A lot was happening that senior year, and Bob and Mary still needed to complete their studies to graduate.

Mary was planning a wedding. “My Dad gave me $400 to plan the wedding and reception. I also got a sewing machine for graduation so I could make my dress.”

Bob knew he needed to come through with a honeymoon, but he had no idea how that was going to happen with zero budget.

“Thankfully, Mary’s Aunt Maly and Uncle Willie suggested we use their cabin in Minong, Wisconsin. When we decided we would do that, Maly and Willie were thrilled.”

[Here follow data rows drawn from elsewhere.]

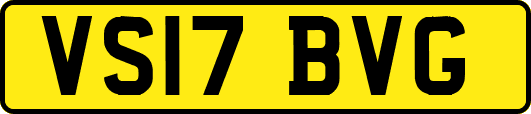 VS17BVG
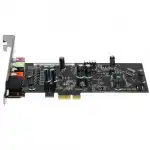 Звуковые карты Asus XONAR SE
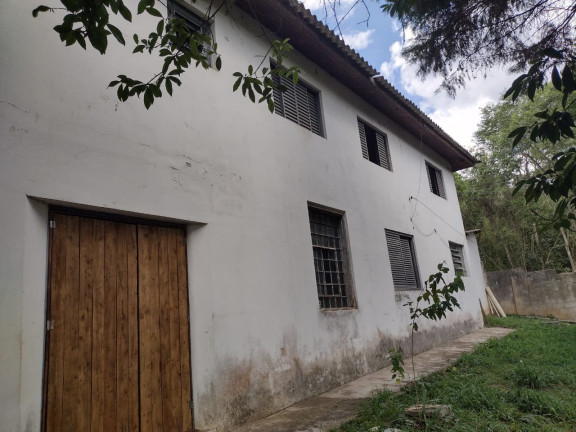 Imagem Fazenda à Venda, 2.000 m² em Chácara Bom Tempo - Franco Da Rocha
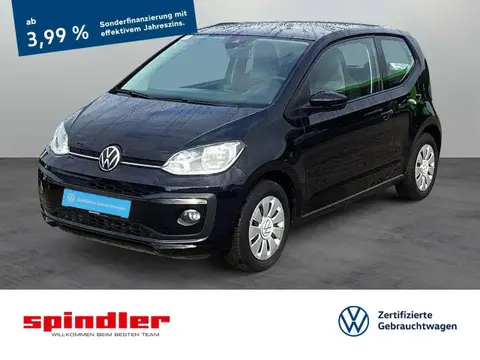 Used VOLKSWAGEN UP! Petrol 2021 Ad 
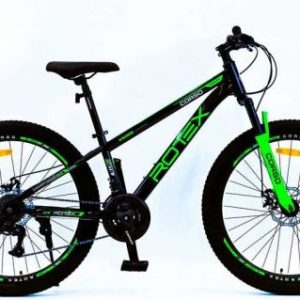 Велосипед Спортивний Corso 26 дюймів «ROTEX»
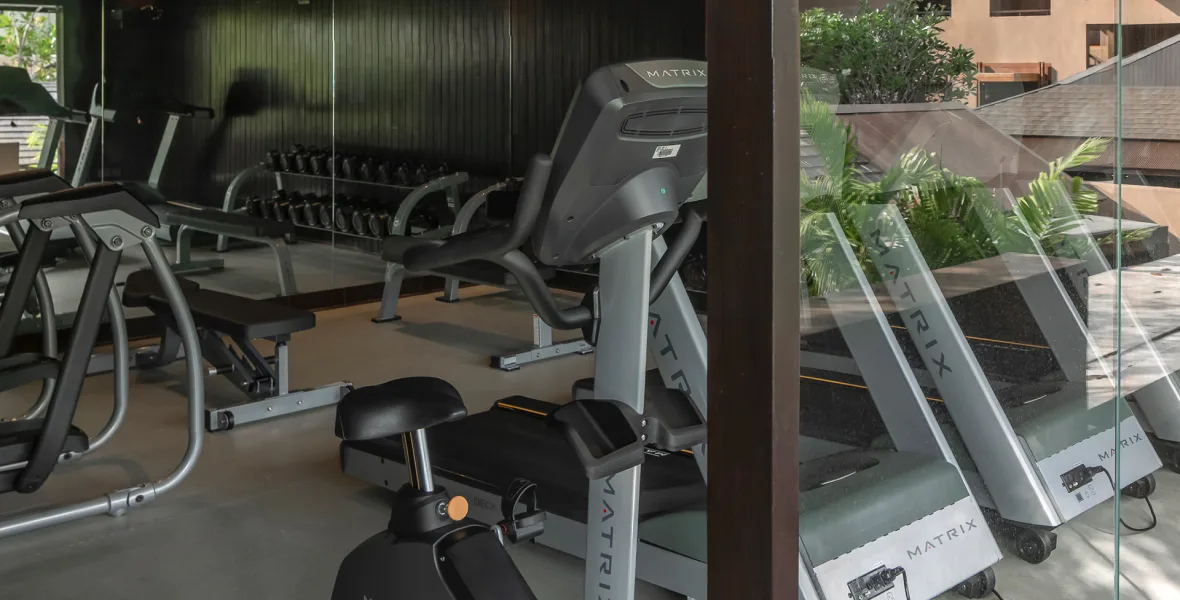 The Spa — photo 13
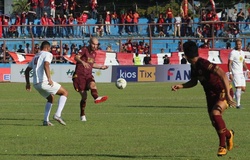 Nhận định Barito Putera vs PSM Makassar 18h30, 11/12 (Vòng 32 giải VĐQG Indonesia)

With the nuptials approaching, religion became a source of tension. At the start, Bob’s Protestant parents hinted they might not attend their only child’s Catholic wedding. Mary mentioned this to her Dad. He said, “He’s an only child. They’ll be there.” Bob sat for religious training with Purdue’s Catholic priest.

“That went pretty well,” Bob recalled, “mostly because I brought cigars and we discussed philosophy.”

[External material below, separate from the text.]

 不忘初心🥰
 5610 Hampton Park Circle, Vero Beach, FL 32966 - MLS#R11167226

But when the couple met with Mary’s hometown priest, his un-Christian attitudes shocked them. They requested a different pastor to conduct the ceremony.

On June 15, 1957, friends and family gathered, and Mary emerged at the end of the nave with her sister Maggie at her side. Bob, explaining that his parents were in the Catholic pews under duress, slipped the priest a twenty-dollar bill and asked him not to sprinkle them with holy water. But when Mary looked down the length of the church toward the alter, she exclaimed, “Oh, no, not him!” then walked out. The wedding had to be put on hold while Maggie explained to her sister that their preferred pastor was at home with a troublesome cyst on his side. At last the ceremony resumed.

After the reception, which was held in the backyard of Mary’s childhood home, the couple took their first drive together as man and wife in the same ‘51 Mercury that played such an important role in their romance. However, on that day it was cleverly camouflaged in a new coat of bright blue paint, and hidden in plain sight to avoid being decorated with tin cans and streamers.